> Problem requirements: Copy out each line of the data below in which "Gift" appears.

> Stored data entries:
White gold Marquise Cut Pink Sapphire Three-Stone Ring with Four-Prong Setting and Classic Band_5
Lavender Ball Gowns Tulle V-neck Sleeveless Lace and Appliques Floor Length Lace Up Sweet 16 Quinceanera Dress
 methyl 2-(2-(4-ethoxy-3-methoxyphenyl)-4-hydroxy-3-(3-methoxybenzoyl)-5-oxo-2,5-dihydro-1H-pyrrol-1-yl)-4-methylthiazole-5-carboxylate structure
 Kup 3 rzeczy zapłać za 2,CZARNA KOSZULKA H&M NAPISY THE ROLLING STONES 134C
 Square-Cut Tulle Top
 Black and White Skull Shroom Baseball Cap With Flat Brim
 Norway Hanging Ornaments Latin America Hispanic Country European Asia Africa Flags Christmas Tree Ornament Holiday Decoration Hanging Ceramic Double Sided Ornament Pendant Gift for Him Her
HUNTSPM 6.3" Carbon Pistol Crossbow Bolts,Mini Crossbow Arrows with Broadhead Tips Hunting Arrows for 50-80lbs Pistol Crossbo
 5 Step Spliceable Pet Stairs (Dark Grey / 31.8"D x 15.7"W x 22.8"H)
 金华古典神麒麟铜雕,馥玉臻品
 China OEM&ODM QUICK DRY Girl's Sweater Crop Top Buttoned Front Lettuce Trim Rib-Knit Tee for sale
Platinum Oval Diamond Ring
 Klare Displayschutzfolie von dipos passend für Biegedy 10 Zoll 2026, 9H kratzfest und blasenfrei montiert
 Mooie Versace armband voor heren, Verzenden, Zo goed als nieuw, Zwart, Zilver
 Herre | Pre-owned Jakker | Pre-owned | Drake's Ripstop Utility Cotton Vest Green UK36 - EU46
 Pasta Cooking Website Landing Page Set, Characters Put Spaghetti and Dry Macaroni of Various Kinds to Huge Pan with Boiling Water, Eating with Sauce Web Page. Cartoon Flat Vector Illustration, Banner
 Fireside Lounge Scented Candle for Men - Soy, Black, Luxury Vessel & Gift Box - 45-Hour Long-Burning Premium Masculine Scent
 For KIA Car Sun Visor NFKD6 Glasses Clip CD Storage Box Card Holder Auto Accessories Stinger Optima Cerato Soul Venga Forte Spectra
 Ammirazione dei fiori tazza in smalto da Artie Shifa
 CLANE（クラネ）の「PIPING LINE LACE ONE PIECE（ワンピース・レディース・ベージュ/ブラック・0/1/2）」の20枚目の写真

> Answer:
 Norway Hanging Ornaments Latin America Hispanic Country European Asia Africa Flags Christmas Tree Ornament Holiday Decoration Hanging Ceramic Double Sided Ornament Pendant Gift for Him Her
 Fireside Lounge Scented Candle for Men - Soy, Black, Luxury Vessel & Gift Box - 45-Hour Long-Burning Premium Masculine Scent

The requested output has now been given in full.